Artist statement

 


Whether in response to living in New York City, or to something I’ve looked for inside myself, the work I make brings with it a meditative moment. 

I want to stop, reflect, be still and present to my own life.

Our desires often remain in the realm of something we strive toward rather than achieve… a state of inquiry and reflection we may never completely fulfill.  

In art making, I approach the process by working in multiples. It is a way to learn about each form and explore an idea. The repetition becomes increasingly meditative. How will these forms go together? How does the individual develop its own identity, find recognition and yet be a cohesive part of the family, the community, the world?

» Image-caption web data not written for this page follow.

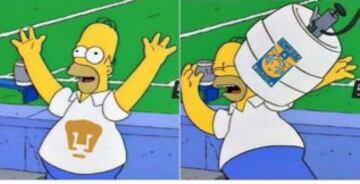 Los Memes de la Final Pumas contra Tigres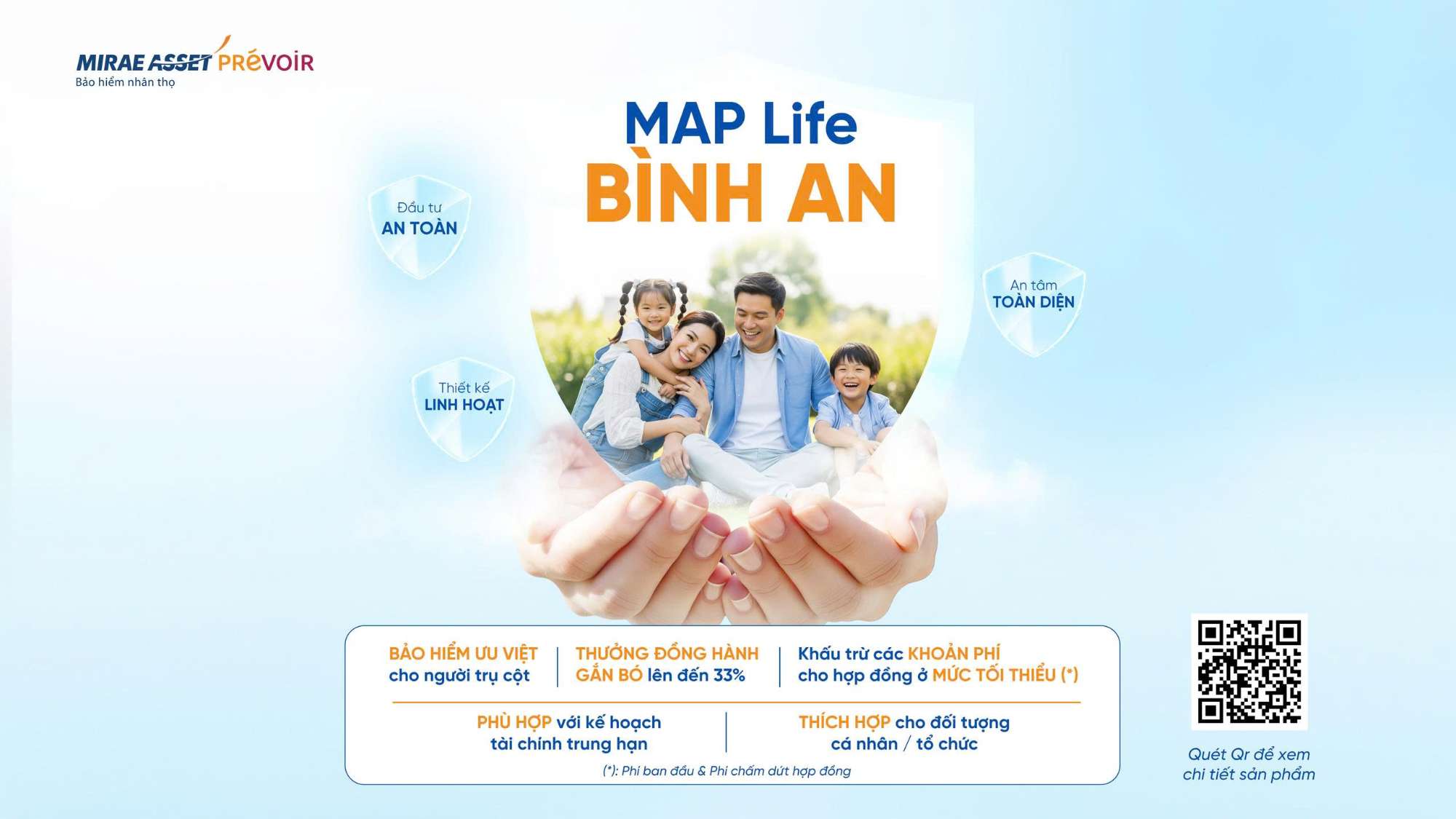 SẢN PHẨM BẢO HIỂM NHÂN THỌ MAPLIFE BÌNH AN (UL3) DÀNH CHO KHÁCH HÀNG VIETABANK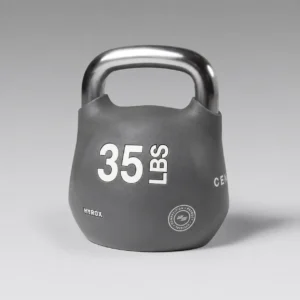 Centr x Hyrox rubber octo kettlebell 35 lbs for strength and conditioning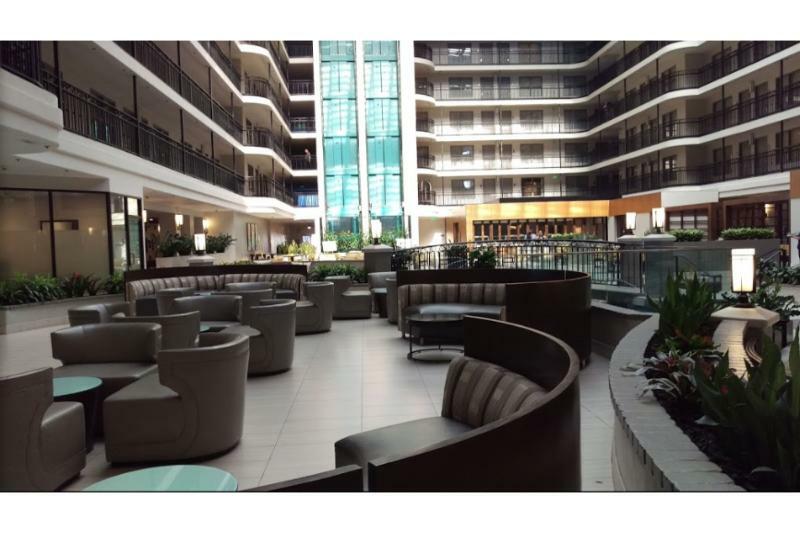 Embassy Suites By Hilton Anaheim North Dış mekan fotoğraf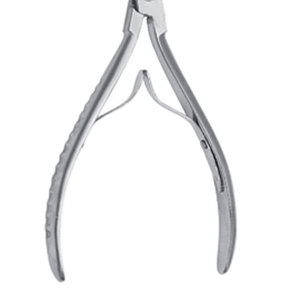 Pince d'extension de cheveux en acier inoxydable de qualité salon pour micro anneaux Extensions I-Tip Durable anti-dérapant Grip Top Hair Stylist Tool - Product Image 3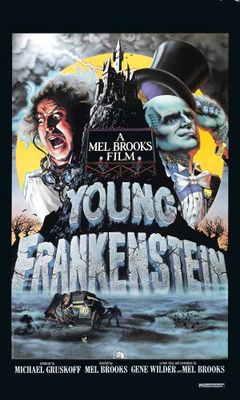 unknown Young Frankenstein movie poster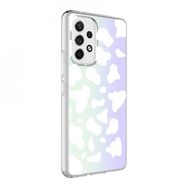Zore Galaxy A33 5G Kılıf M-Blue Desenli Kapak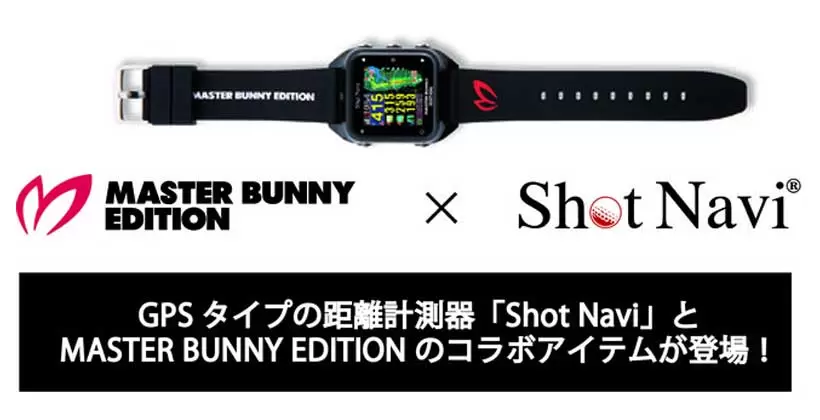 ShotNavi MASTER BUNNY EDITION ゴルフ用距離計 Shot Navi (ショット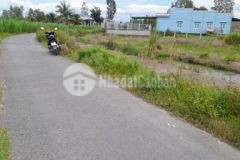 Đất lộ nhựa thị xã gò công đầu tư buôn bán đều lời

My current work consists of smaller forms that are then assembled into a larger piece or installation. In each, I strive for simplicity in the form and a calmness in the surface, hoping for a quiet yet strong presence. The surfaces are unadorned, monochromatic; keeping the focus on the form.  Each component is imbued with a symbolic, ritualistic aspect that gives it its own identity, strength and purpose.  These parts, or individuals can just as easily stand alone. When they are combined, each part as well as the assemblage has new meaning, energy and purpose.  They become landscapes or still-lifes, or interior landscapes.  Some reference the spine, some the air we breathe or a rock outcropping, some hang in space; but they are all communities.

It was during campouts in the California desert as a teenager where I first came to appreciate the stark beauty in nature’s deceptively ‘barren’ landscapes.  It is where the naked earth, the lone boulder and the long horizon came to comfort me.